The good parts? Are there any good parts? Yes! I asked one of the LLMs to write me a python code that would print out integers that are both prime and Fibonacci. I never experiment with that before, The question just popped into my mind and within seconds of typing the prompt into one of the GPTs I had code that ran the first time. I would consider that pretty good. Was it complete? did it miss anything? I am now into checking that with mples of famous sequences in the On-Line Encyclopedia of Integer Sequences (the OEIS) [ https://oeis.org], (and am finding fascinating things). Did the LLM do its job, I would say pretty decently for a few second effort. I think one must develop certain workflow habits of knowing what to ask and how to check. Don't assume answers are complete or unique; assume there will be errors and hallucinations (performance there is getting better, in my opinion). LLMs are a tool, when you look at the root of the meaning of 'Artificial', you might encounter Francis Bacon's Artificial means that which is produced by art or human artifice. - and as we know ... humans aren't totally perfect in making machines that are perfect. :-)
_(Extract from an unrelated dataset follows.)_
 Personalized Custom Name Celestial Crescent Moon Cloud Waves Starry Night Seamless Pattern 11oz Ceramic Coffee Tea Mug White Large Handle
Your story about synthesizing transducers is fascinating, as is the story of Joseph von Fraunhofer!
As far as the "list of Fibonacci numbers that are not primes" question, it appears it is online (https://www.geeksforgeeks.org/prime-numbers-fibonacci/).
One of things I've learned since ChatGPT came out is that it's quite hard to come up with genuinely original questions!
You did a great job on this but didn't go into problems with image generation. People with three legs or one, and non-photographic images with weird lettering and numbering. This makes Dall-E unusable for me.
You're right.. that would be an entirely separate post!
There are also weird bugs and weaknesses in GPT-4's image analysis.